Senior Staff Reporter
Jefferson City – The Missouri General Assembly ramped up its war on labor last week with the Missouri House and Senate passing paycheck deception bills and the Missouri House passing its second anti-prevailing wage measure prior to this week’s spring recess.
Passage of the anti-union, anti-worker measures raises the stakes for unions as the General Assembly heads into the second half of this session.
“Extremists in the Missouri legislature passed paycheck deception bills and attacks on prevailing wage protections – just in time to head out for vacation,” said Mike Louis, Secretary Treasurer of the Missouri AFL-CIO. “Along with so-called ‘Right to Work,’ these bills are part of an organized national effort to destroy unions and reward CEOs and special interest groups at the expense of middle class workers.
“Missouri teachers, construction workers, nurses, bus drivers, police officers and other workers deserve better than divisive attacks,” Louis said. “The time would have been far better spent creating jobs and strengthening our infrastructure. When our elected officials get back to work, it is time they focus on real priorities like good jobs.”
Senate Bill 29, sponsored by Sen. Dan Brown (R-Rolla), would require that public-employee unions and teachers groups obtain annual written permission from their members before any dues could be automatically deducted from their paychecks.
“It’s a really, really bad bill,” Sen. Ryan McKenna (D-Crystal City) said. “The onus would always be on the worker to go through all these steps, which is frustrating because we’re treating public employees different than we would any other member of an association.
“When people tell you this isn’t about the money, it’s always about the money,” McKenna said, adding that the American Legislative Exchange Council (ALEC) and Americans for Prosperity (a corporate front group founded and funded by billionaire industrialist David Koch) have been pushing nearly identical measures in state legislatures across the country. “They’re going across the country with these cookie cutter looking bills to undermine the political process. They’re wanting to weed away groups that stand up for the working class.”
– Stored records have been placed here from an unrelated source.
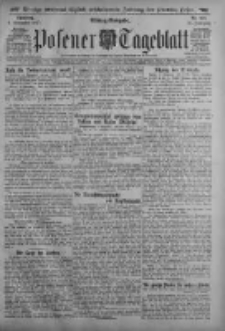 Posener Tageblatt 1917.11.06 Jg.56 Nr521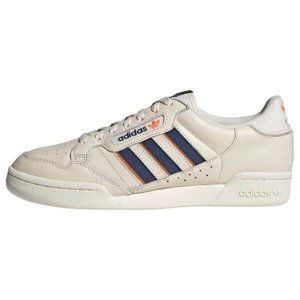 ADIDAS ORIGINALS Nízke tenisky ' Continental 80 '  námornícka modrá / oranžová / perlovo biela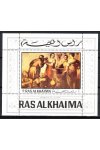 Ras al Khaima známky Mi 0352 - Bl.77 A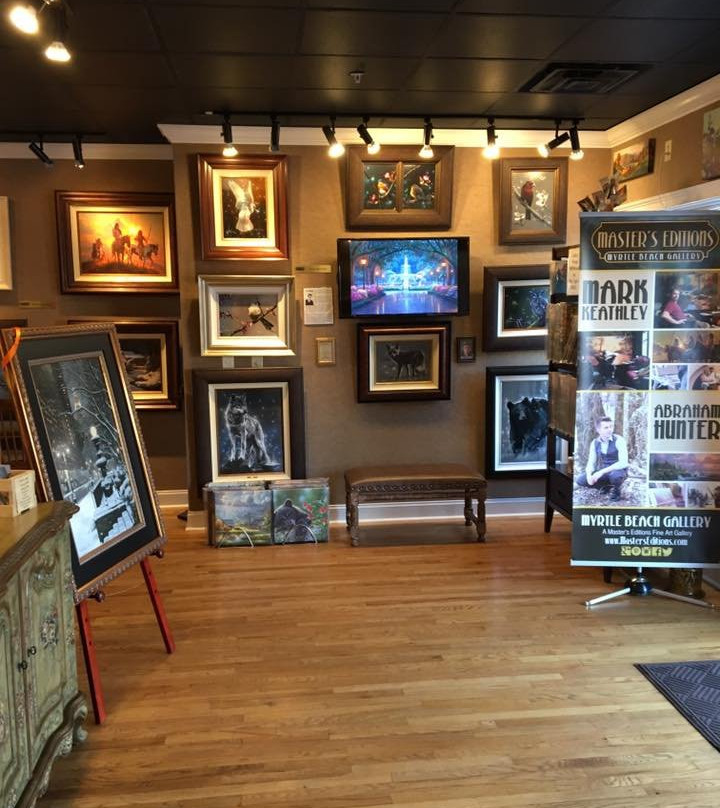 Master's Editions Broadway at the Beach Gallery-美特尔海滩必去景点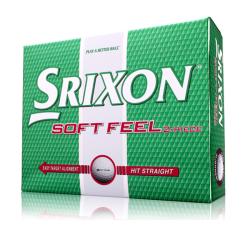 Srixon Soft Feel Golf Balls (Case of 24)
The House version of the proposal – House Bill 64, sponsored by Rep. Eric Burlison (R-Springfield) – would require all unions and teachers groups – with the exception of police and firefighters – to get written permission each year from their members before donations for political spending could be automatically deducted from their paychecks.
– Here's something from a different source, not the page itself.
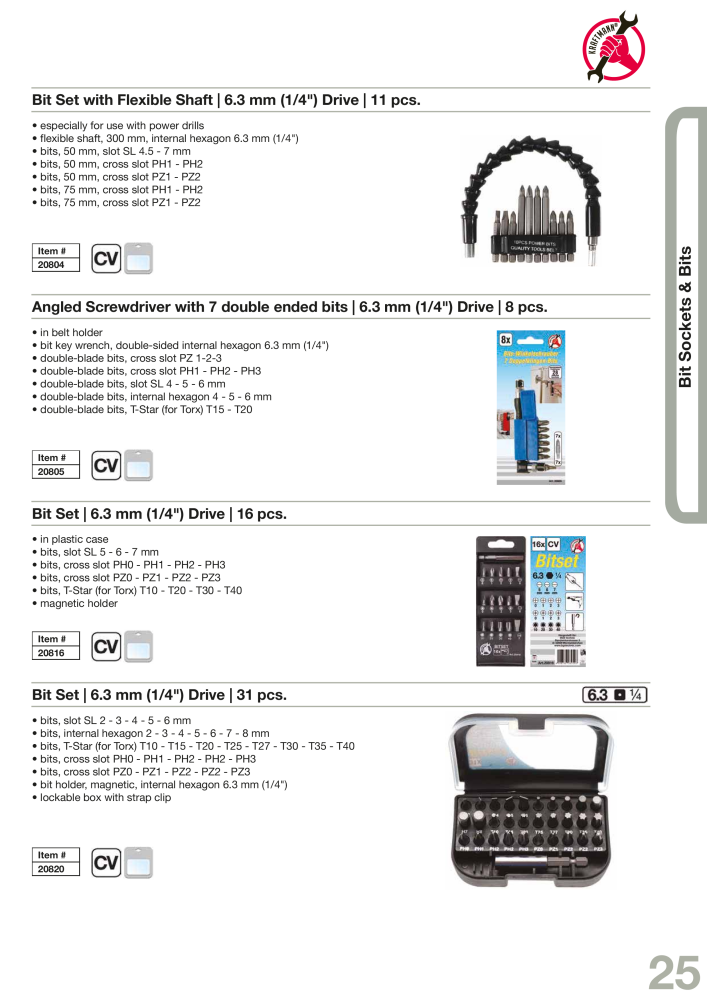 KRAFTMANN by BGS technic Catalog Hand tools NO.: 654 - Page 28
Proponents of the measures say they are trying to “protect workers.”
But State Sen. Gina Walsh (D-Bellefontaine Neighbors), a retired member of Heat and Frost Insulators and Allied Workers Local 1, said “I haven’t heard from any workers that want to be protected. I haven’t heard from anybody that doesn’t feel like they aren’t protected now.
“I’m grateful that I belong to a good, strong union,” Walsh said. “I just hope that they don’t destroy everything that people have worked for, for 100 years, to get us to this point.”
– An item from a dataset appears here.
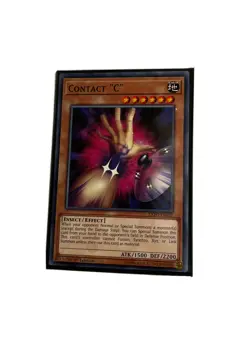 Contact “C” - EXFO-EN037 - Common - 1st Edition- YuGiOh - Image 1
On prevailing wage, the House approved a measure changing the calculation in rural areas. Currently, the prevailing wage for a given trade is based on voluntary surveys collected and submitted by contractors on a project.
House Bill 409, sponsored by State Rep. Warren Love (R-Osceola), would replace those figures with an average weekly statewide wage compiled by the state labor department.
Late last month the House passed another anti-prevailing wage measure – House Bill 34, sponsored by Rep. Casey Guernsney (R-Bethany) – which would exempt construction and maintenance work done for certain school districts from the prevailing wage rate requirement upon the school board’s approval.
House Minority Leader Jacob Hummel (D-St. Louis), a member of IBEW Local 1, said the prevailing wage ensures all bidders are on a level playing field and prevents Missouri contractors from being undercut by migrant contractors from other states who usually bring their own workers with them and pay them in cash to avoid paying state and federal taxes, social security, workers’ compensation and unemployment premiums. Hummel called Guernsey’s measure the “No Foreign Worker Left Behind Act” and said it would lower the standard of living in the state by creating an incentive to hire out-of-state workers at a lower rate.